An object is a thing that exists as physical matter. It has mass, takes up space, and can be observed. A rock, a cup, a chair, a person’s body, a planet — all objects.
Objects have two properties that non-physical things lack: they are massive (they have weight and resist being moved) and they are notable (they can be seen, touched, or otherwise sensed). A thought has neither property. A number has neither. An object has both.
Objects occupy locations. A cup is on the table. A book is in the bag. A ship is at port. At any given moment, an object is somewhere — inside a container, on a surface, in an area. Objects move between locations: you pick the cup up, carry it to the kitchen, set it down. The cup’s identity persists through the move. Location changes; the object stays the same object.
Objects can be moved or be stationary. In TAB’s model hierarchy, a mobile is an object that moves under its own power or by being carried.
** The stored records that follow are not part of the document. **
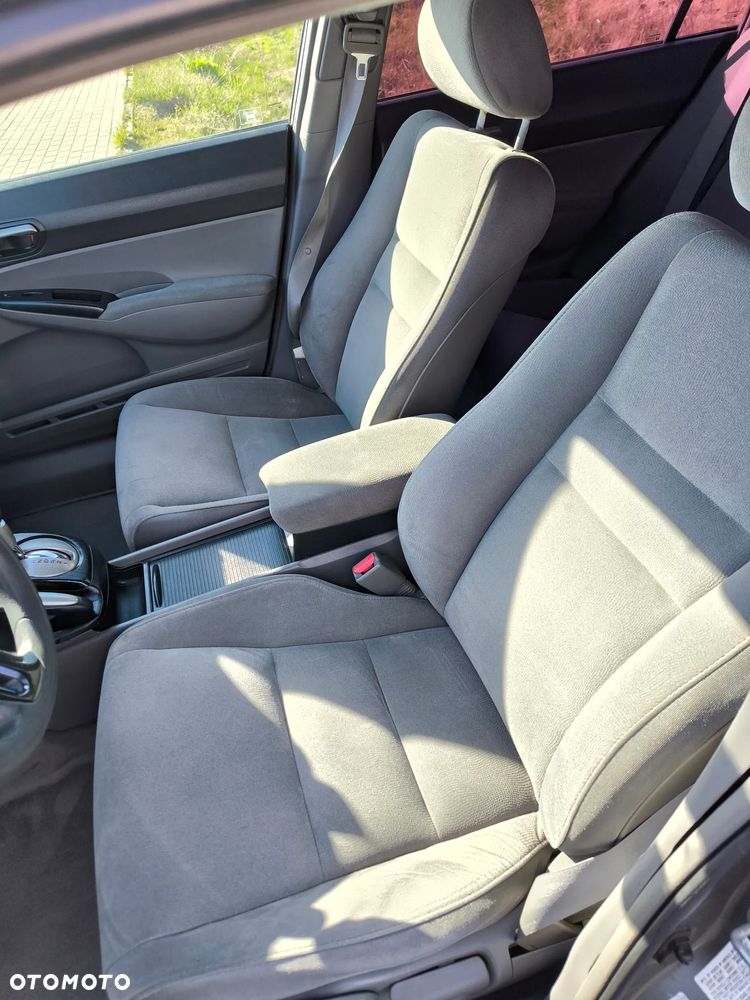 Honda Civic 1.8 Comfort - 8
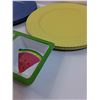 Image 3 : (8) Plastic Dinner Plates & Watermelon Serving Dish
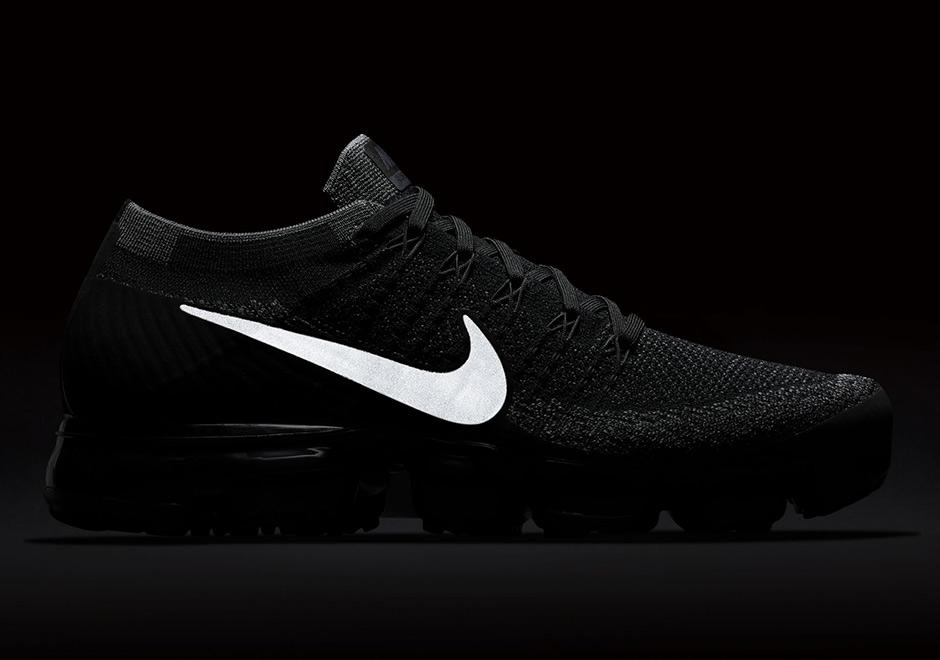 all black air max vapor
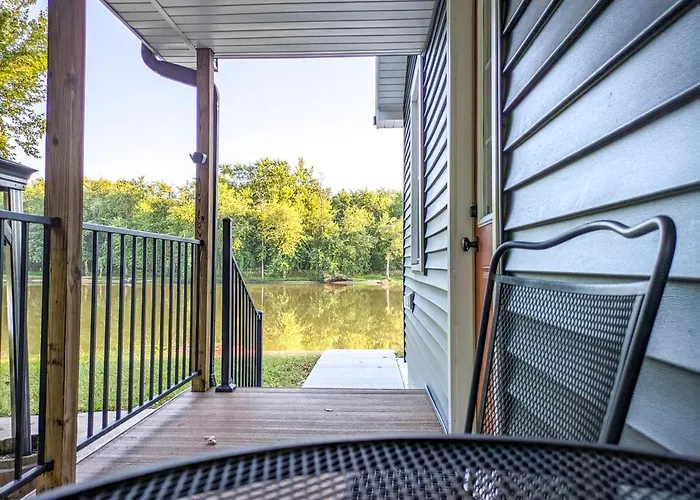 Holiday home Escape To The Riverfront Hideaway Momence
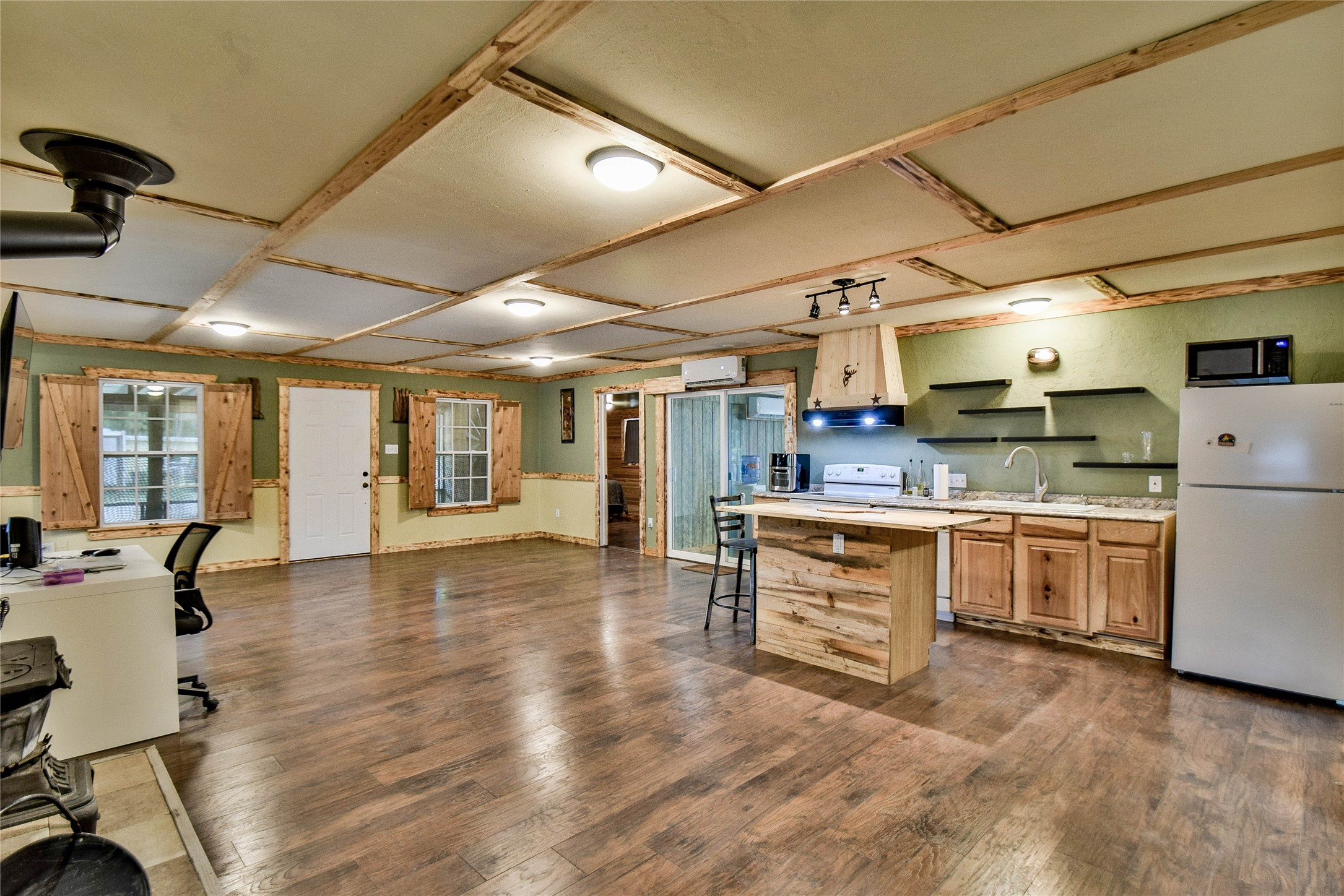 5711 Flint Drive Granbury TX 76048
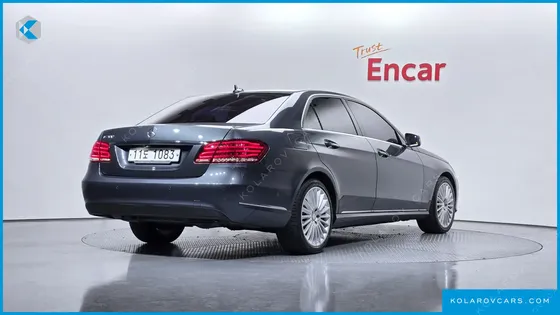 MERCEDES E-CLASS E300 ELEGANCE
A chair is an object but not a mobile — it stays where you put it unless someone moves it. A person is a mobile — they walk from room to room on their own.
Objects can be inside containers but are not themselves containers unless they have an inside. A ball is an object but not a container — there is no inside to put things in. A box is both an object and a container — it has mass and takes up space (object), and it has an inside where you can put things (container). A bag, a jar, a room — all objects that are also containers.
The distinction between object and thing matters because some things are not objects. A rule is a thing but not an object. A promise is a thing but not an object. An institution is a thing but not an object. The word “object” picks out the physical subset of things — the ones you can drop on your foot.